The Wall Street Journal
Antiabortion Initiatives Divide Movement
By T.W. FARNAM
April 21, 2008; Page A4
Abortion opponents are pushing ballot measures in five states this year. But the campaigns show as much division as unity in the antiabortion movement. In California, an initiative would add that state to the long list that currently requires doctors to notify parents before giving abortions to minors. In Missouri, abortion foes are trying to require psychological examination to show the woman isn't acting under duress. State officials say the law as written would be tantamount to a ban, but advocates dispute that.
In South Dakota, activists have revived a measure defeated two years ago that directly outlaws abortion. They have modified the proposal to try to boost support, adding new exceptions for the health of the mother and cases of rape or incest. In Colorado and Montana, abortion opponents are taking a newly popular tack, promoting constitutional amendments that give legal rights to human embryos.
Behind the varying measures is a philosophical split among antiabortion groups. Some want to promote measures that ban abortion outright, directly challenging the U.S. Supreme Court's 1973 Roe v. Wade decision, which legalized abortion. Others prefer to chip away at abortion rights by limiting the types of procedures allowed, or finding other ways to limit access. The moves in South Dakota, Colorado and Montana take a direct approach. The California proposal embraces the more modest strategy.
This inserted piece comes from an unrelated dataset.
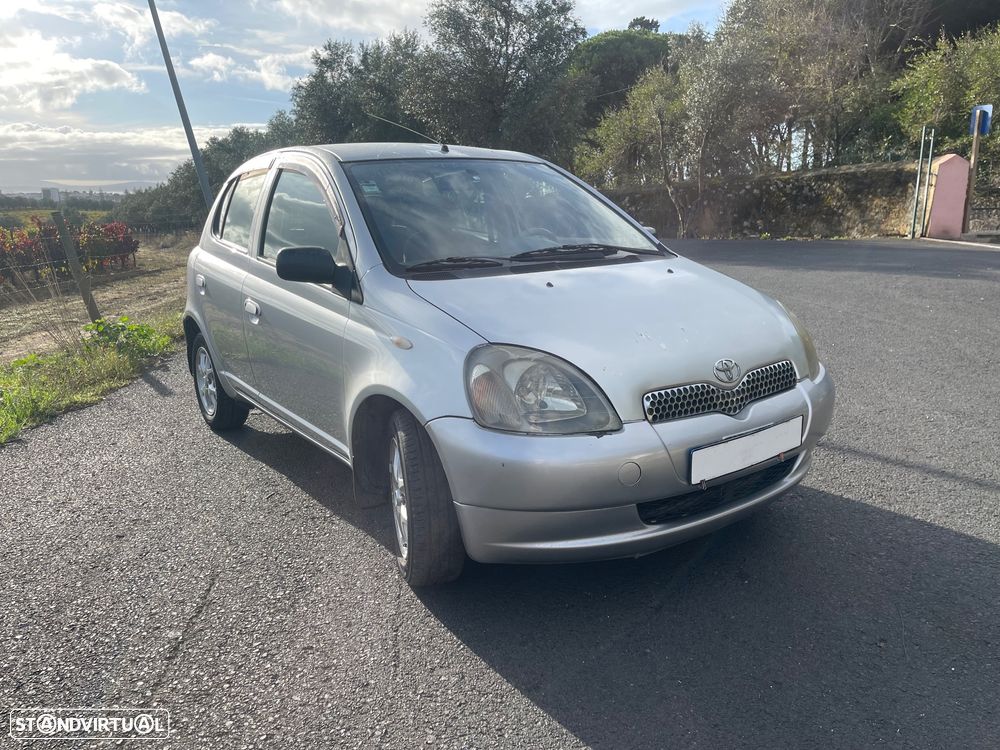 Toyota Yaris 1.4 D-4D Sol - 2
The incremental approach has had some success, such as a federal ban on a procedure called dilation and extraction or "partial-birth abortion." That ban was upheld by the Supreme Court last year, but critics in the antiabortion movement argue that and similar changes only make abortions more acceptable to the public. That has reinvigorated some activists to try novel ways to challenge basic abortion rights, such as the ballot measures this year giving legal rights to embryos. No such law exists in any state. But if enacted, a state constitutional amendment bestowing personhood rights at conception could lead to lawsuits challenging not only abortion but also in vitro fertilization, embryonic-stem-cell research and some forms of birth control.
While a direct abortion ban would be illegal under Roe, changing the definition of personhood could undercut the legal argument behind that ruling, proponents argue. Justice Harry Blackmun wrote for the court in Roe that if a fetus were defined as a person by law, the case "collapses" because the due-process protections of the 14th Amendment would have to be taken into account. Some more established antiabortion groups such as the National Right to Life Committee and Focus on the Family haven't gotten behind these initiatives. The top lawyer for the National Right to Life Committee has said that they could backfire because the Supreme Court would likely reject these challenges to Roe -- and that an unfavorable ruling could make the job of overturning precedent even more difficult later.